Investors asked about: lessons learned
Although there were some problem cases before the COVID-19 pandemic, the crisis it caused materialized many risks, simultaneously. Now, Mintos has a strong confirmation about the importance of some of the criteria that were included in the lending companies’ evaluation prior to the crisis. Such are the lending company’s funding sources or the experience of the company’s management. Martins said that the Mintos team will double down on the evaluation of the appropriate minimum portfolios of the companies, on a clear understanding of the necessary track record, etc.
“Another important topic we’ve been discussing recently is the education of investors. What we’ve seen so far is that investors are expecting quite high returns, without consideration of the risks involved. This is a quite simple relation: the higher the return, the higher the risk. These risks might and might not materialize, but investments do carry risk and we address this topic on our Security page,” said Sulte.
He added that this misconception probably comes from the fact that the Mintos marketplace was operating smoothly since the founding in 2015, with a calm 5-years period during which investors earned double-digit returns. “Investing is a long-term game,” said Martins.
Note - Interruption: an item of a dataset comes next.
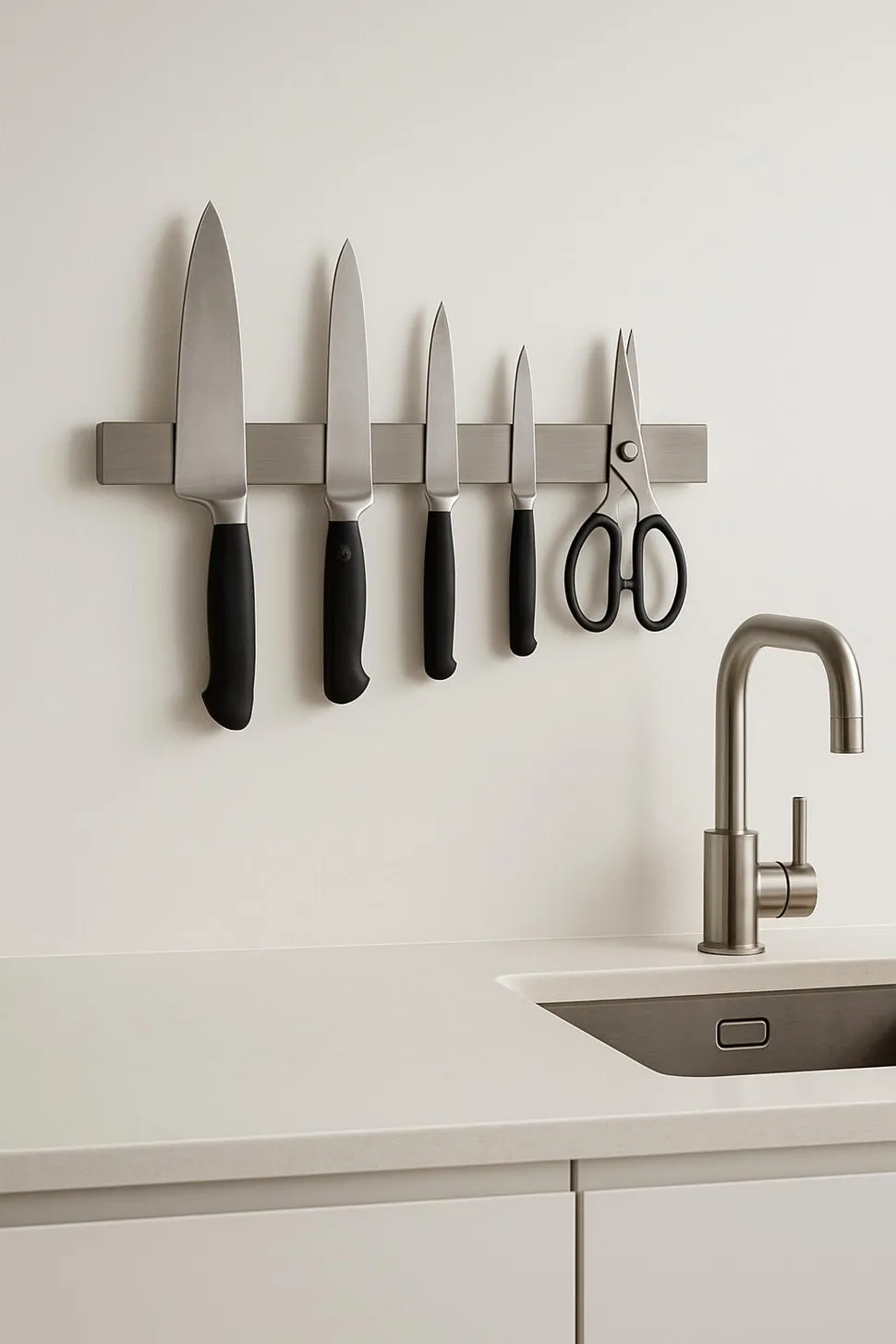 Magnetic knife rack in minimalist kitchen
Among other topics, investors also need to have a better understanding of diversification. Martins gave a projection to illustrate why diversification is important: “When we look at the current outstanding portfolio of €500 million, we see around €100 million at risk and we do expect to recover quite a big portion of that. But even if we take a look at this very pessimistically and think that nothing from that €100 million would be recovered, which is very unlikely, then we are talking about 20% of the total portfolio. If an investor would have diversified across all companies on Mintos, then we would see 20% of the total investment portfolio potentially at risk. Assuming that the recovery rate would be 50-60%, we are talking about 10% of a well-diversified investment portfolio being at risk, which is one year of returns on Mintos,” said Sulte. He added that the real return of loans as an asset class will be seen only in a decade or so, measured through its performance in both the good and the bad times of the global economic trends.